There was a little dust-up about a Michael Voris video that I shared called “Do Non-Catholics Go to Heaven?” I thought it was an interesting take on the question especially since we have been hearing so many unorthodox things from priests like the good Reverend R. Barron that we can have a reasonable hope that no one goes to hell.

In my immediate family that includes brothers, sister, their children, and grandchildren and my children and grandchildren—all who were baptized in the Catholic faith—there are only a handful that still attend Mass and believe in their faith and this handful includes my husband and myself.

This hurts me in my soul, because, as we believe, and that video pointed out, in order to get into heaven one has to be in the state of grace (no unrepentant, un-forgiven mortal sins) when one dies. Of course, there is an act of perfect contrition but I am going to say that an act of perfect contrition is probably beyond my feeble attempts because of pride so I need the Sacrament of Reconciliation or as those of us, who aren’t PC, call it, Confession; Just like I need all the sacraments that Jesus gave us as a means to sanctifying grace which we all need to get into heaven. Only the Catholic Church has these sacraments instituted by Christ to give grace. To me, it’s simple to say that I want everything I can have in my arsenal to get to heaven when I die.

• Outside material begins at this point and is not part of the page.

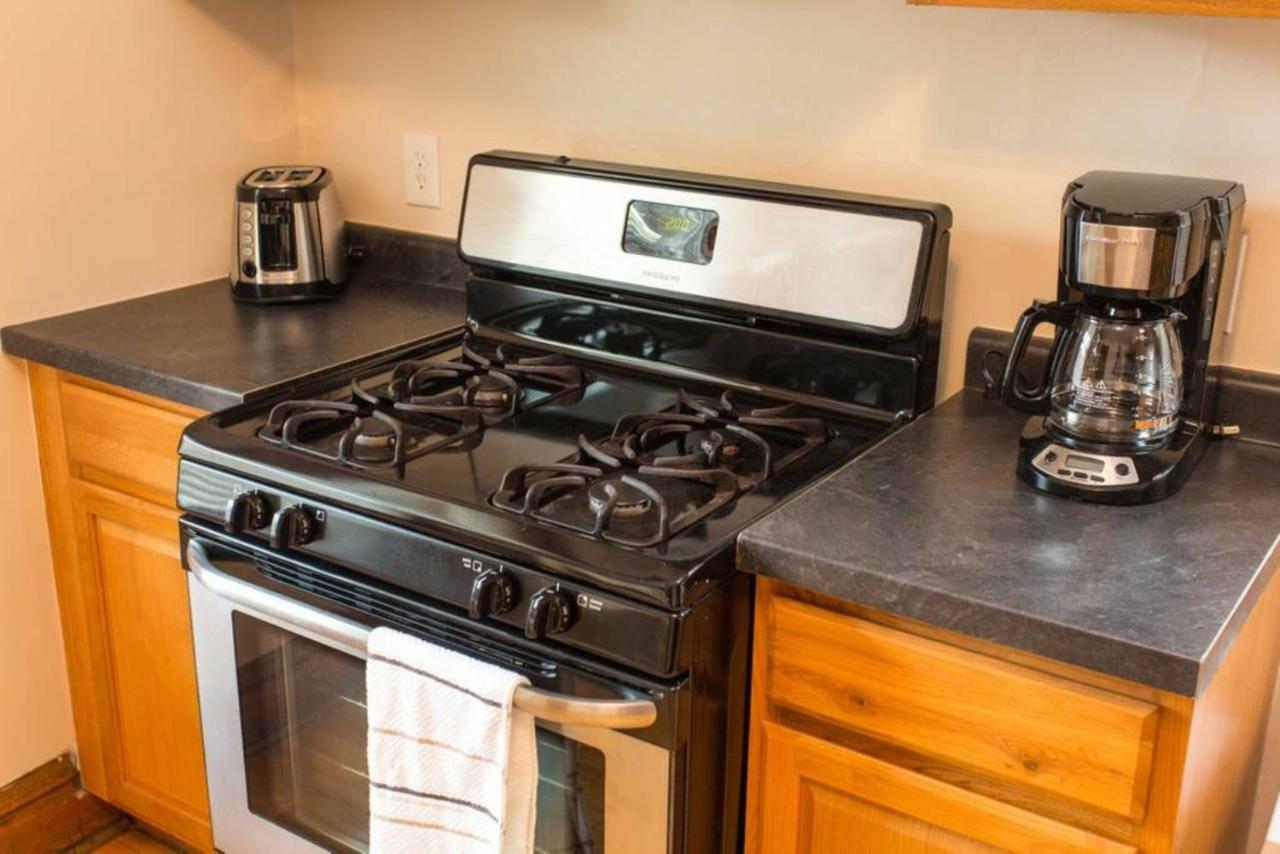 شقة Wrigley Oasis! Steps From The Field! - 3Bd 1Ba شيكاغو المظهر الخارجي الصورة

I also believe that with God all things are possible so I pray each day for all of my family to return to the faith of their baptism and for some of my grandchildren to actually be baptized. Do I say anything to them personally about my fears? Do I tell them that I cry tears over their apostasy? No, I just love them where they are and pray for their reversion. Of course, I make no apologies for my Catholic Faith and don’t compromise my faith for their sake, so, of course, there are liable to be a few “dust-ups” when I post something that is hard for them to read or hear.

So, a good Protestant friend asked “what is the difference between a faithful Catholic and a faithful Christian?” I’m not sure she is serious about it or if it was meant as a “gotcha” question, so I’m not sure if I will answer it or not. I’ll probably find out first why she asked the question. However, there are some things that I will say.

We believe in Purgatory. We believe that there is a place where we have to be refined like gold in order to enter heaven and be in a Holy God’s presence. Now, no one can judge the individual soul just like I don’t judge my family’s individual souls, however I have a real problem with assuming that all my Protestant brothers and sisters are automatically with Jesus when they die. Sorry, we can only know who is in heaven when the Church has declared them saints. So I continue to pray for them as if they weren’t and are in Purgatory instead. My husband always kids me about how much I pray for the Holy Souls in Purgatory. I tell him that I am building an army of saints in heaven to pray for me so that I might avoid Purgatory all together.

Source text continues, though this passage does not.